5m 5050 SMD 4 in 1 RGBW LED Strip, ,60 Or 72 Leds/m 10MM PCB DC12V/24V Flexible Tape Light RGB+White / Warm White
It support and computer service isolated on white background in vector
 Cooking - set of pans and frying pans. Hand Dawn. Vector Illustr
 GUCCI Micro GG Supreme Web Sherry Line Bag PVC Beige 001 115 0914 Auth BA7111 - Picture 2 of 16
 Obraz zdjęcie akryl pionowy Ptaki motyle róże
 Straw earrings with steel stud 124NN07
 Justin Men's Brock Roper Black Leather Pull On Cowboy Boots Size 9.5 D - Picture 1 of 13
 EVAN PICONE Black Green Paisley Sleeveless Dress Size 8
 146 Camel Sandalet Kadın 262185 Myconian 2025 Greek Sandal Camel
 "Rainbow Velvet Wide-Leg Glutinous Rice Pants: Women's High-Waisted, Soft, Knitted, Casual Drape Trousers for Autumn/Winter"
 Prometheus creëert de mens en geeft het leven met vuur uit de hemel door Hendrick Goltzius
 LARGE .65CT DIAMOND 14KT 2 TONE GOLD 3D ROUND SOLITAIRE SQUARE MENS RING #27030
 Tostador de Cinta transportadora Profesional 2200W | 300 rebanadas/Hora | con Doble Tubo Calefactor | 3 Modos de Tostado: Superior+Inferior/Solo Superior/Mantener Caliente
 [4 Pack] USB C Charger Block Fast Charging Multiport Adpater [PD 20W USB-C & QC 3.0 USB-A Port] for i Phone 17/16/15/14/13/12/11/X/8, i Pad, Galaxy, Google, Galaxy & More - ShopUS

--------------------

#### [Problem requirements]
Please write the listing out again, matching each line exactly.

#### [Solution for this task]
5m 5050 SMD 4 in 1 RGBW LED Strip, ,60 Or 72 Leds/m 10MM PCB DC12V/24V Flexible Tape Light RGB+White / Warm White
It support and computer service isolated on white background in vector
 Cooking - set of pans and frying pans. Hand Dawn. Vector Illustr
 GUCCI Micro GG Supreme Web Sherry Line Bag PVC Beige 001 115 0914 Auth BA7111 - Picture 2 of 16
 Obraz zdjęcie akryl pionowy Ptaki motyle róże
 Straw earrings with steel stud 124NN07
 Justin Men's Brock Roper Black Leather Pull On Cowboy Boots Size 9.5 D - Picture 1 of 13
 EVAN PICONE Black Green Paisley Sleeveless Dress Size 8
 146 Camel Sandalet Kadın 262185 Myconian 2025 Greek Sandal Camel
 "Rainbow Velvet Wide-Leg Glutinous Rice Pants: Women's High-Waisted, Soft, Knitted, Casual Drape Trousers for Autumn/Winter"
 Prometheus creëert de mens en geeft het leven met vuur uit de hemel door Hendrick Goltzius
 LARGE .65CT DIAMOND 14KT 2 TONE GOLD 3D ROUND SOLITAIRE SQUARE MENS RING #27030
 Tostador de Cinta transportadora Profesional 2200W | 300 rebanadas/Hora | con Doble Tubo Calefactor | 3 Modos de Tostado: Superior+Inferior/Solo Superior/Mantener Caliente
 [4 Pack] USB C Charger Block Fast Charging Multiport Adpater [PD 20W USB-C & QC 3.0 USB-A Port] for i Phone 17/16/15/14/13/12/11/X/8, i Pad, Galaxy, Google, Galaxy & More - ShopUS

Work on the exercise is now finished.